Warwick is a novel about Richard Neville, the Earl of Warwick who was also known as The Kingmaker. He is credited with putting Edward IV on the throne during the Wars of the Roses, a 15th century conflict between two branches of the Plantagenet family – the Lancasters and the Yorks.
I liked this portrayal of Warwick, he did seem a bit stiff sometimes – too good – but I liked that it wasn’t the standard textbook version of him you always see. Normally when you read a book about the Wars of the Roses, Warwick is portrayed as an extremely ambitious man and while he is ambitious in this novel we also get to see a more human side of him. Yes, the Warwick in this book chooses the course most advantageous to him and his family but we see the reasons and emotions behind his decisions. Some would have us believe that Warwick changed sides in the conflict simply because he was furious at Edward for marrying Elizabeth Woodville but it is much more complex that that. After that he was prepared to do whatever it took to see one of his daughters on the throne and he was was ultimately successful in this, if only briefly. This Warwick is portrayed as a man of intelligence and forethought, NOT JUST ruthless ambition. In this novel you see more of his personal relationships with people – his father, his brother, his wife, his mistress, etc.

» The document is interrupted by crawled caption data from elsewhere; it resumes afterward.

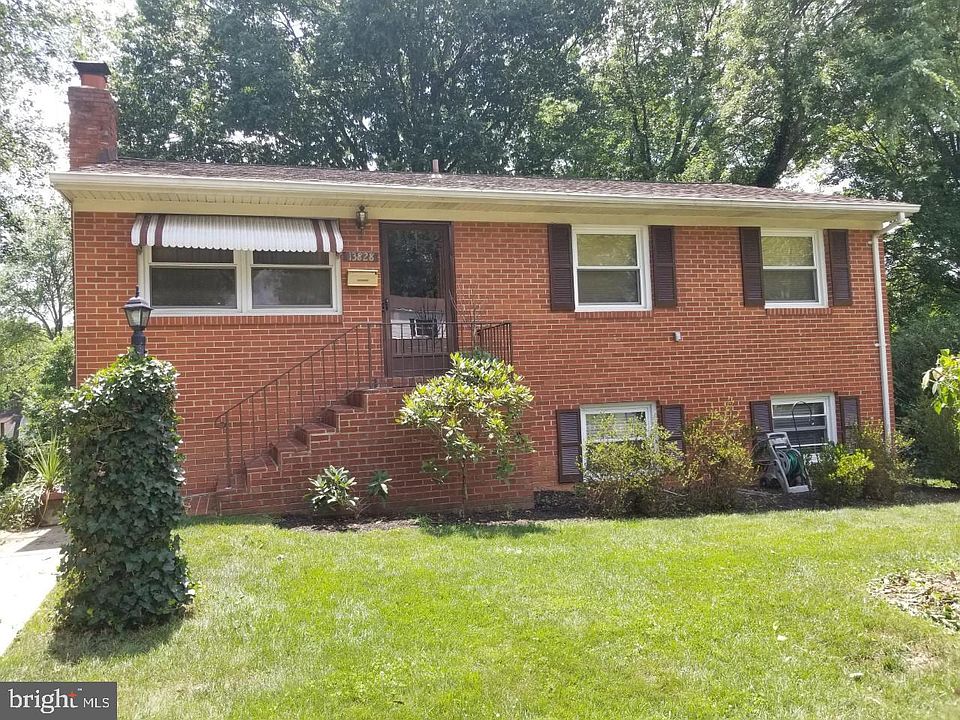 1st image of 13828 Greenwood Dr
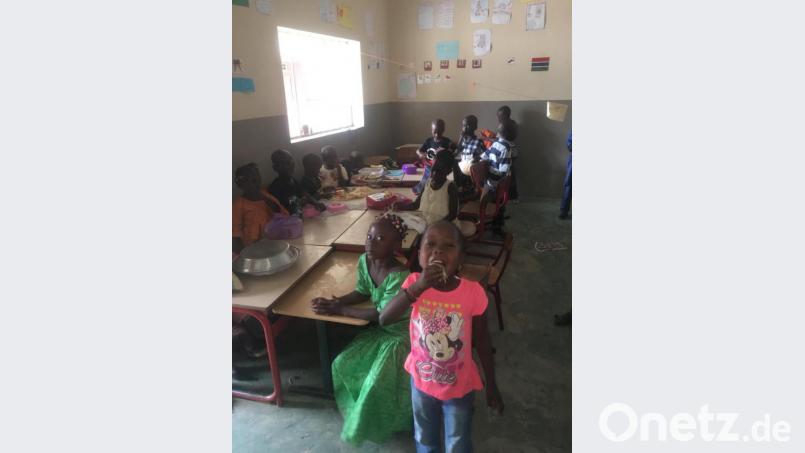 Kinder der Emma School in Gambia. Dank Unterstützung der Gambiahilfe von Inge Iberl bekamen sie ein Ferienrogramm geboten, das sehr vielfältig, informativ und interessant war und allen großen Spaß machte. Bild: exb
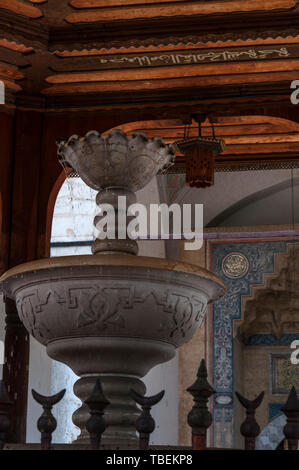 Sarajevo, Bosnia: il marmo abluzione fontana ricoperta da un legno decorato struttura nel cortile del famoso Gazi Husrev-beg Mosque (1532) Foto Stock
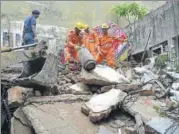  ?? SUSHIL KUMAR/HT PHOTO ?? Rescue workers clear debris of the collapsed building in east Delhi’s Laxmi Nagar area on Sunday.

There is a really good balance between the battles of the time and the story of the man himself. This is a book that, really, could be read by anyone, there is a perfect balance between the battles and the love story to suit everyone. Unlike other books that are aimed at one genre or the other this has just enough of both and not too much of either. The romance in Riches’ books isn’t cheesy. The level of historical detail is excellent. There is accuracy in the context. It is apparent that Riches did and enormous amount of research. Warwick as a character develops throughout the novel. The only slight criticism I have is that the book seemed to focus on the big events without really touching on what happened in between but I understand that trying to fit such a big time period into 300-odd pages is a hard task. It was really easy to read, even the parts about the battles but it wasn’t dumbed down. The story flowed well. It could have been a bit longer, as I said before it felt like it squashed a lot into it’s 300 pages and skimmed some pieces of important history but I still really enjoyed it. This book is not as polished as Riches other two novels, Owen and Jasper but I think this was my favourite out of the three.
This was a great insight into a very turbulent time in history and a good portrayal of a man we usually only see as a side character in books about Edward IV or Elizabeth Woodville. You don’t often see novels focusing solely on him so it was nice to see him brought into the limelight. He was someone who drove and changed history and deserves to be looked at in more depth.